## WHAT YOU HAVE TO DO
Below are some records. Return exactly their lines from the one containing "Vin de France" through the one containing "Boom Castle: Tower Defense TD - скриншот 2", and drop the pictures.
━━━━━ SUPPLIED MATERIAL ━━━━━
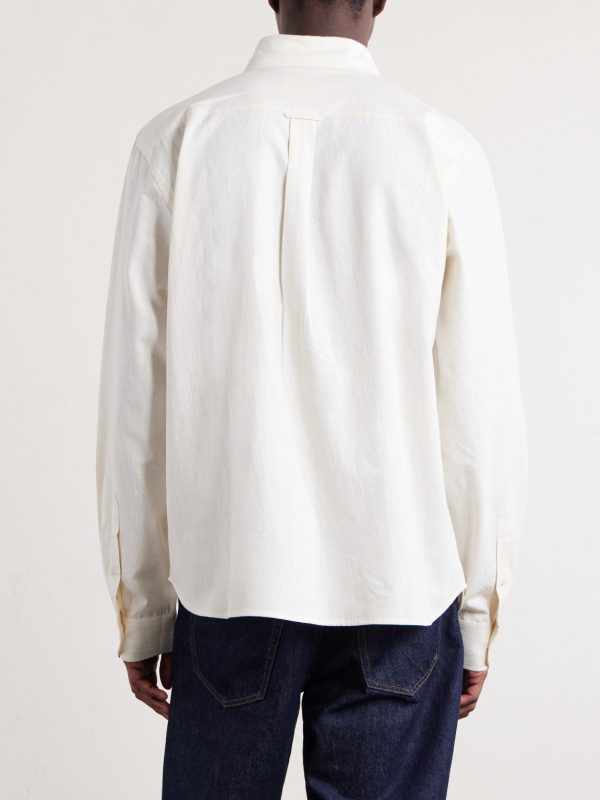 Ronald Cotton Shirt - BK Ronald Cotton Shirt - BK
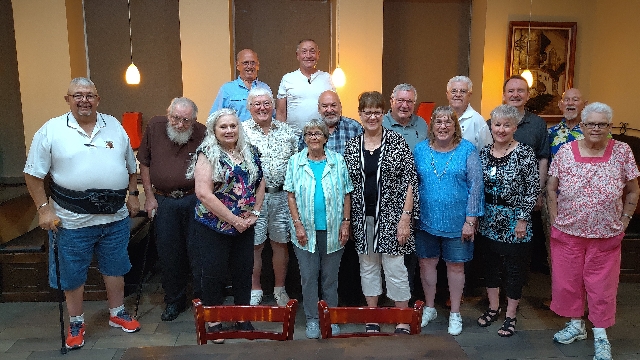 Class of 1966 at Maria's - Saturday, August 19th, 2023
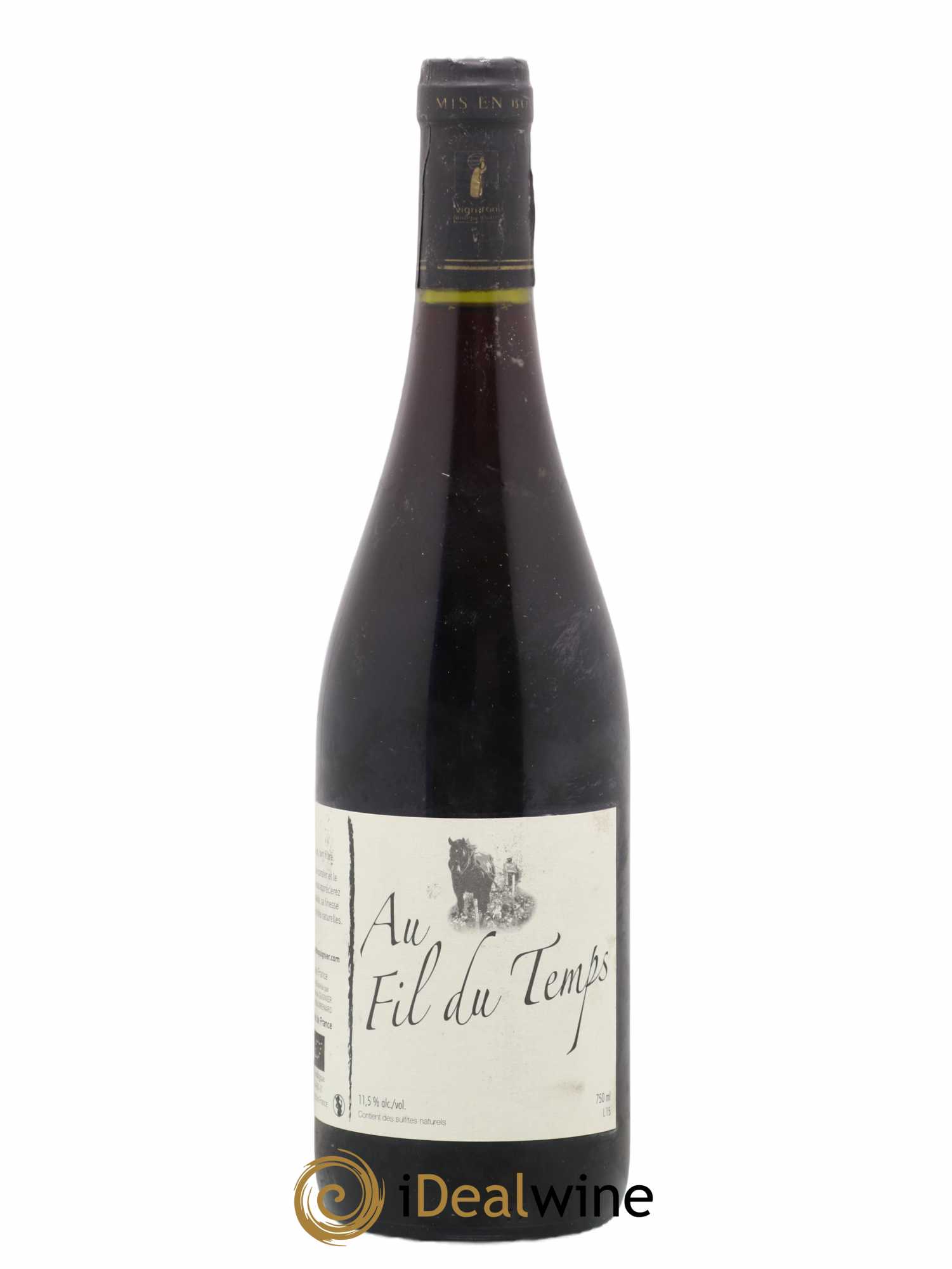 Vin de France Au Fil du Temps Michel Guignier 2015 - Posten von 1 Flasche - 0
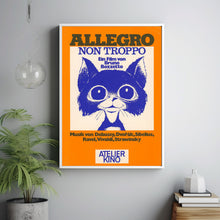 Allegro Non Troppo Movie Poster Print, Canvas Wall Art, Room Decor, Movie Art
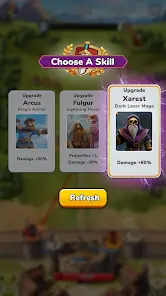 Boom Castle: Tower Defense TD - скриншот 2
━━━━━
━━━━━ SUPPLIED MATERIAL ━━━━━
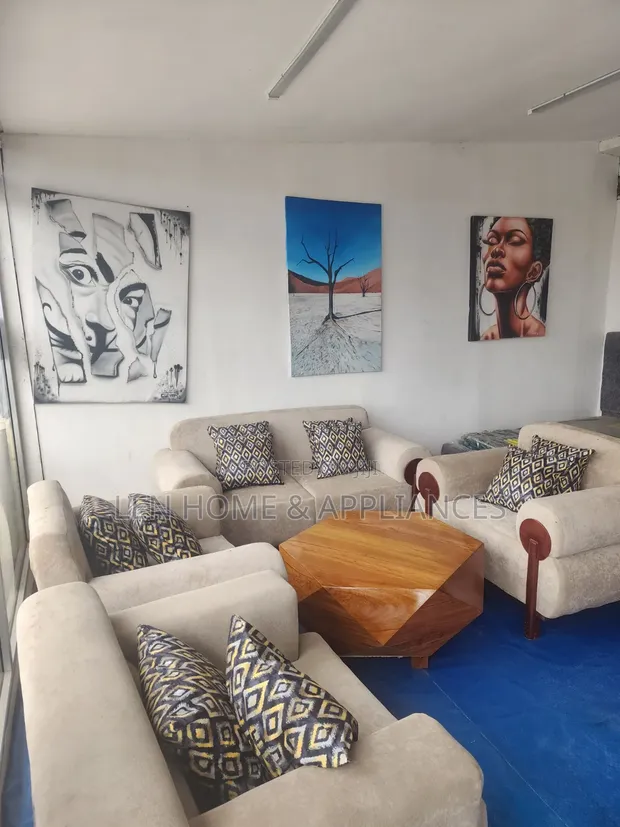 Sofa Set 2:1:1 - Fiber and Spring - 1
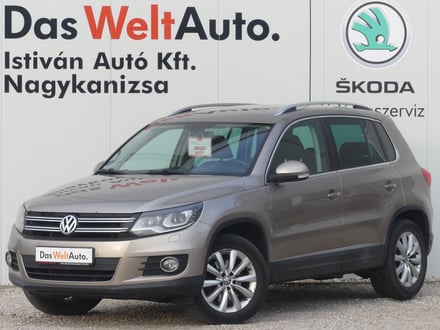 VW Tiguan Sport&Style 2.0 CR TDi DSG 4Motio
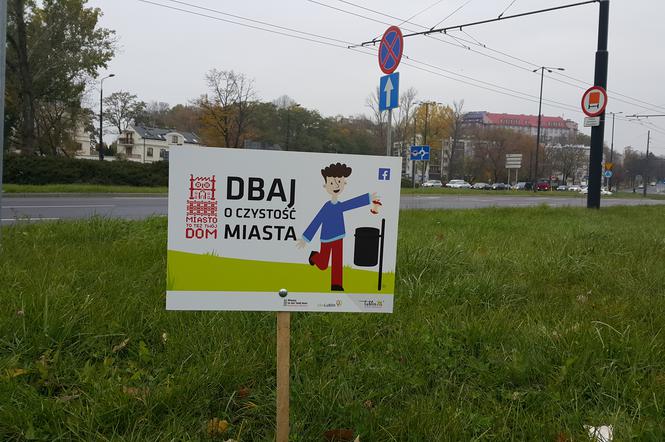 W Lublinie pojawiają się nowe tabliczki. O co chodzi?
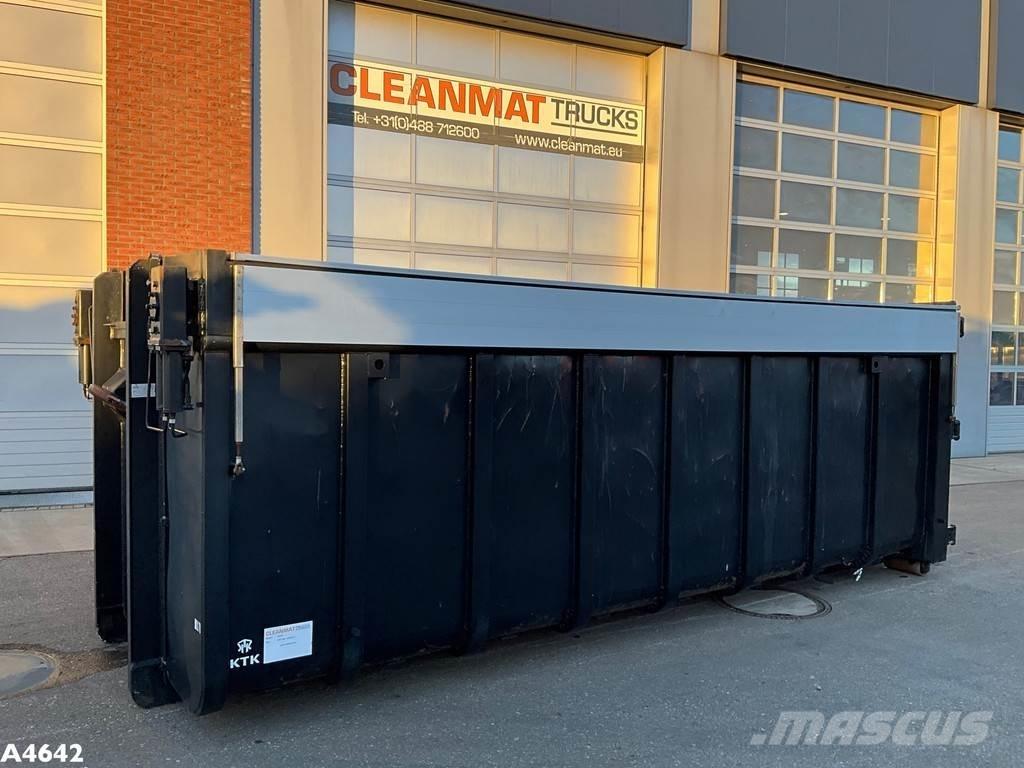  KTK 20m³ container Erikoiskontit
━━━━━
## SOLVED EXERCISE
 Vin de France Au Fil du Temps Michel Guignier 2015 - Posten von 1 Flasche - 0
 Allegro Non Troppo Movie Poster Print, Canvas Wall Art, Room Decor, Movie Art
 Boom Castle: Tower Defense TD - скриншот 2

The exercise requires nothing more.